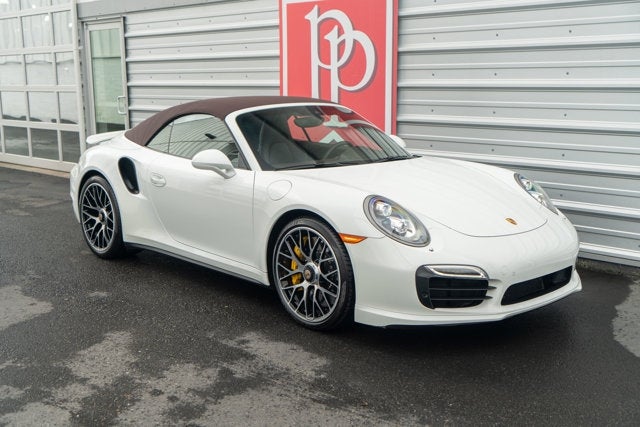 2015 Porsche 911 Turbo S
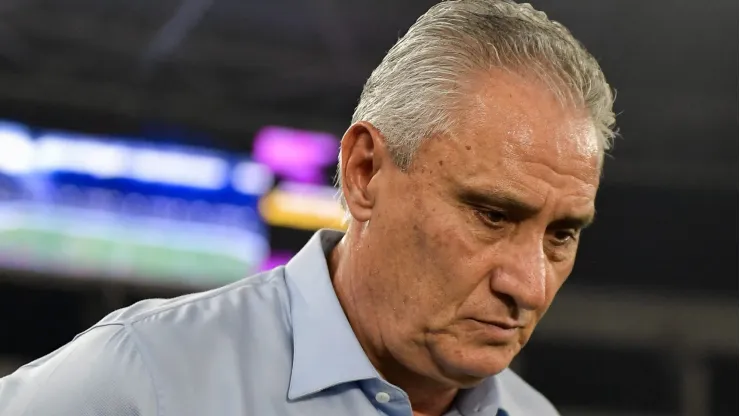 RJ - RIO DE JANEIRO - 18/08/2024 - BRASILEIRO A 2024, BOTAFOGO X FLAMENGO - Tite tecnico do Flamengo durante partida contra o Botafogo no estadio Engenhao pelo campeonato Brasileiro A 2024. Foto: Thiago Ribeiro/AGIF
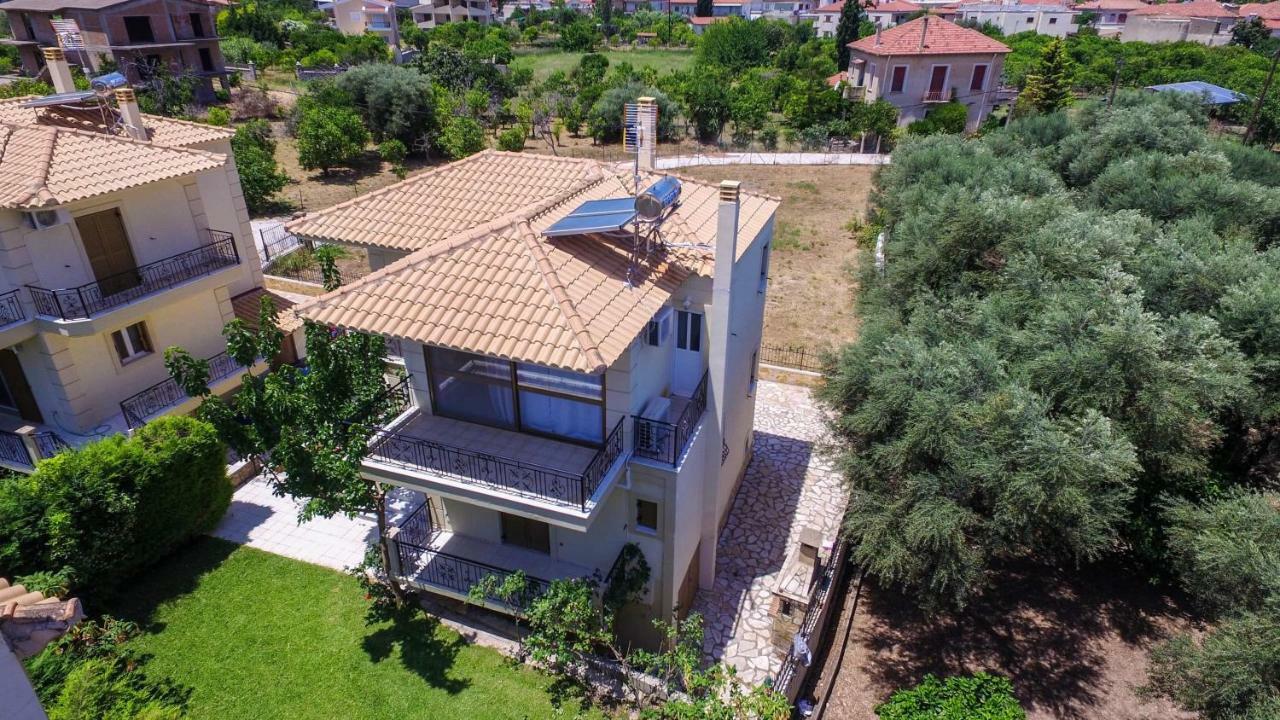 Maison Fleurs Diakopto Exterior foto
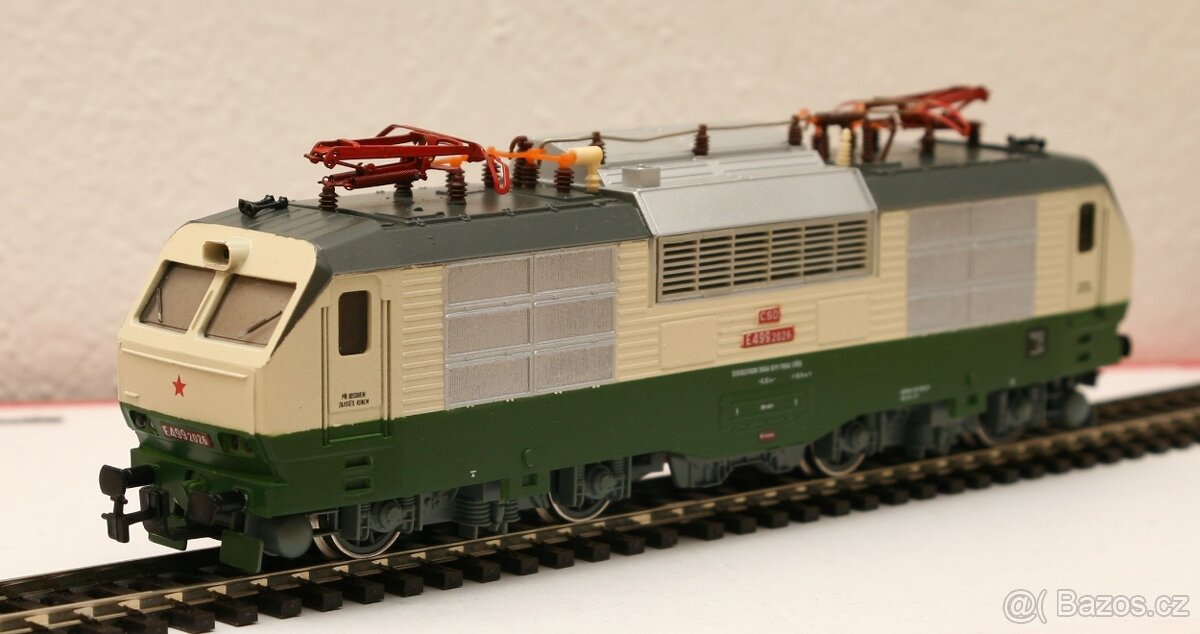 Elektrická lokomotiva E499 - modelová železnice H0 (1:87)
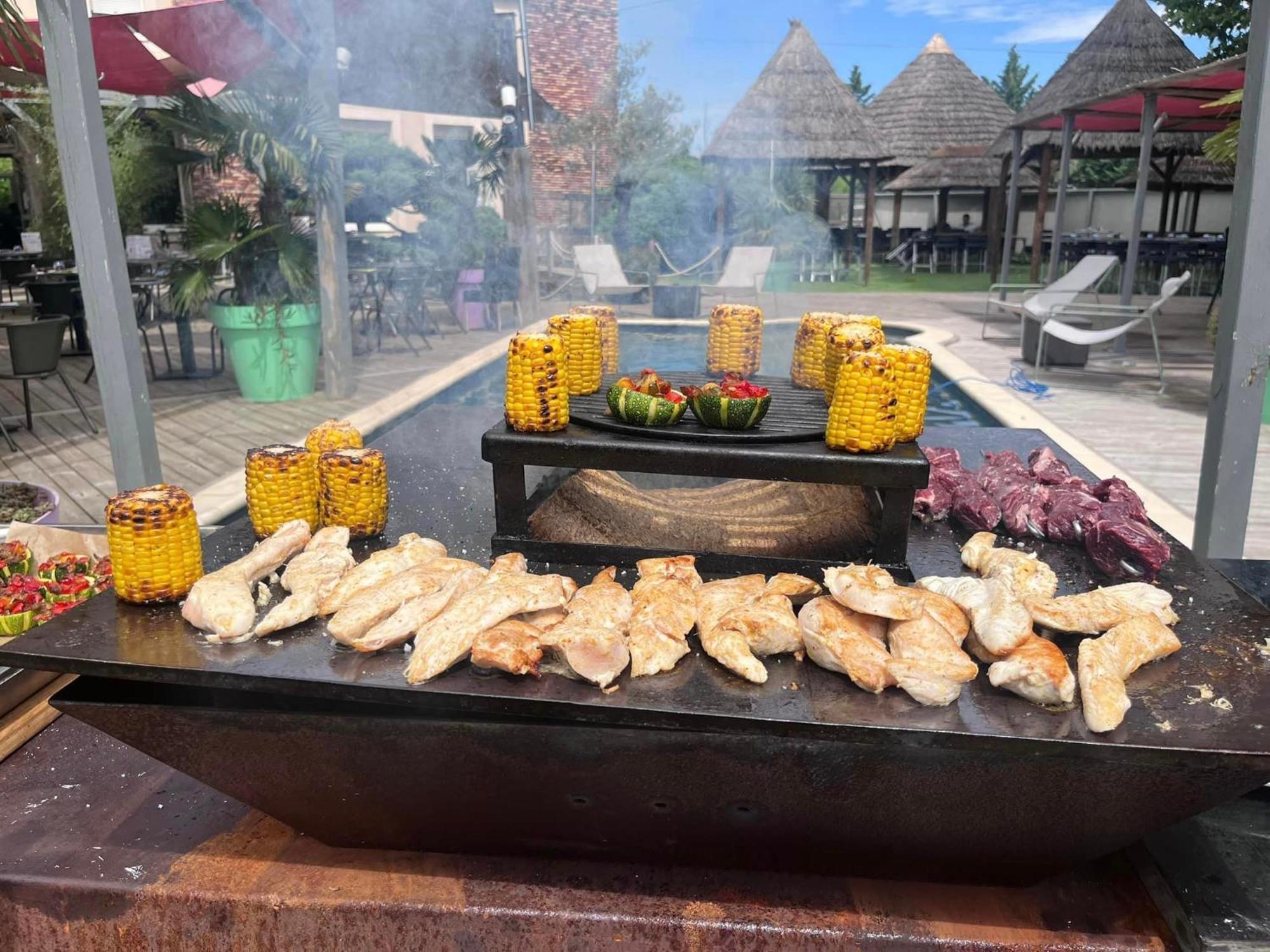 Ambiance Hotel Limas Екстериор снимка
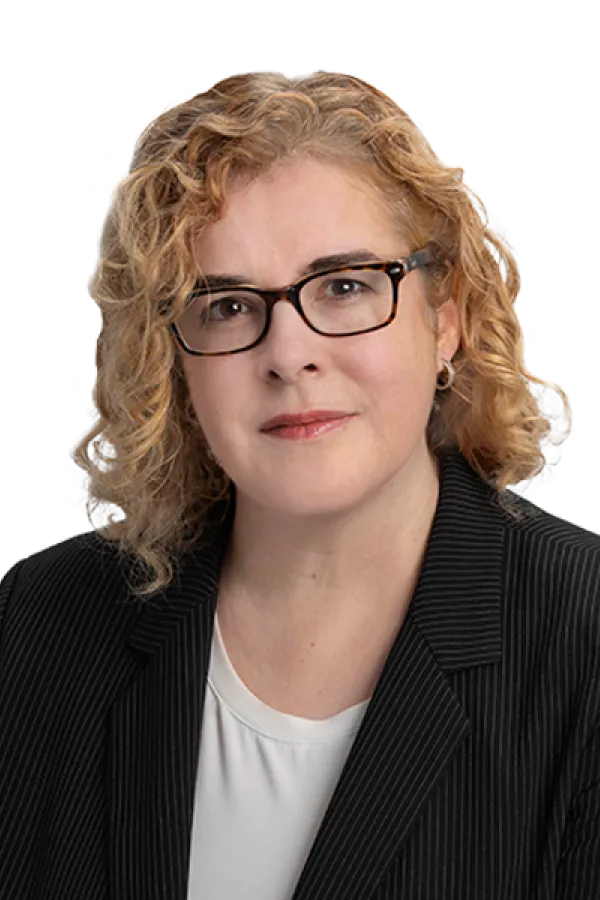 Aaron-Stelluto, Tara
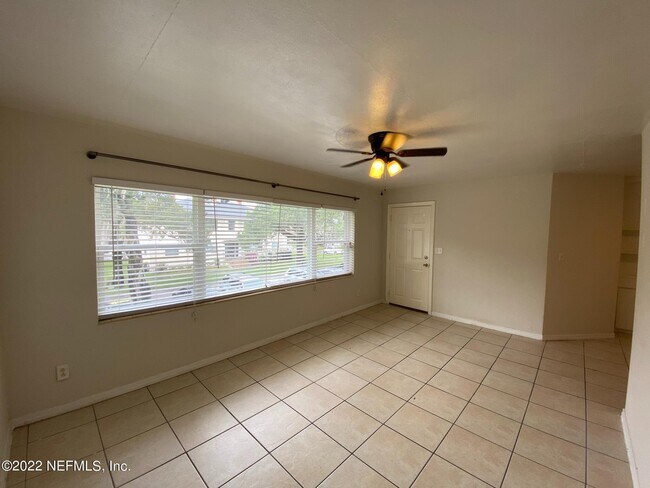 Foto del edificio - 1613 Flagler Ave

+-------+

# Problem statement
Write the lines out again exactly, beginning at the one containing "Aaron-Stelluto, Tara" and ending with the last line of the entries, but without any pictures.

# Your response
 Aaron-Stelluto, Tara
 Foto del edificio - 1613 Flagler Ave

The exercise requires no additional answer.